La partie thématique du Jahrbuch des Frankreichzentrums de l’université de la Sarre est dirigée par Daniel Kazmaier et Florian Weber et réunit quinze contributions, très majoritairement en langue allemande (deux chapitres seulement sont proposés en langue française).1 Cependant, chaque chapitre est précédé d’un résumé en français ou en allemand, ce qui facilite l’appropriation du livre par des lecteurs peu germanophones. Il n’a certainement pas été facile aux directeurs de publication d’élaborer une structure, étant donnée la diversité à la fois des approches et des aspects traités, mais finalement les trois parties proposées sont à la fois cohérentes du point de vue interne et entre elles.
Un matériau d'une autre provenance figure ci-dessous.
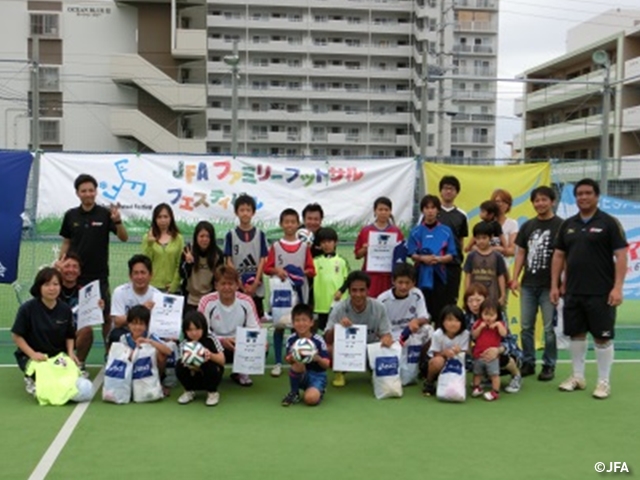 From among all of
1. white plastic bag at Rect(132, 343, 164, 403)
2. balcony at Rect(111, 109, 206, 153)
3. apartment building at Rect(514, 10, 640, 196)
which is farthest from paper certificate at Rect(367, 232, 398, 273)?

L’ouvrage propose également six autres dossiers, le premier consacré au travail théâtral en transnational, »bilan d’un semestre d’enseignement et de recherche à l’université de la Sarre«, par Florence Baillet, le deuxième aux 25 ans du pôle France de l’université de la Sarre, par Sandra Duhem et Hélène Miard-Delacroix, et le troisième réunissant trois conférences »stimulantes« sur la coopération franco-allemande (avec en particulier le texte très intéressant de Véronique Pozzo »Études françaises et francophonie extraeuropéenne« qui invite à considérer les multiples dimensions de francophonies parfois qualifiées d’»autres«). Les trois derniers dossiers sont des fiches informatives utiles sur des institutions allemandes d’études françaises, un ensemble de seize recensions d’ouvrages et une annexe regroupant des biographies des auteurs.
Après une préface rédigée par Manfred Schmitt, président de l’université de la Sarre et, depuis 2019, président de l’université de la Grande Région (UniGR), réseau universitaire transfrontalier associant six universités (allemandes, belge, luxembourgeoise et française), les deux coordinateurs introduisent l’ensemble des contributions, resituent le contexte, résument les circonstances et exposent les perspectives en termes de recherche, en mobilisant en particulier Jacques Derrida (L’Université sans condition, Paris 2001) et Michel de Certeau (L’invention du quotidien, t. 1: Arts de faire, Paris 1980), ce qui est évidemment très judicieux pour tenter d’envisager l’ensemble des contributions proposées!
Dans la première partie, »médecine, éthique, vie quotidienne – les défis de la pandémie dans une perspective de recherche«, Jürgen Rissland propose, dans un chapitre introductif, de comparer les situations allemande et française pendant la crise de la Covid-19. Au sein des deux pays, un même phénomène s’est produit avec au départ un soutien des citoyens à la gestion politique de la pandémie, puis un mécontentement vis-à-vis des décisions politiques par la suite. Il est très important de souligner, dans ce contexte, les réussites au niveau européen (vaccins, etc.) et les convergences franco-allemandes, évidemment nécessaires dans le cadre de chacune des crises que l’Union européenne traverse.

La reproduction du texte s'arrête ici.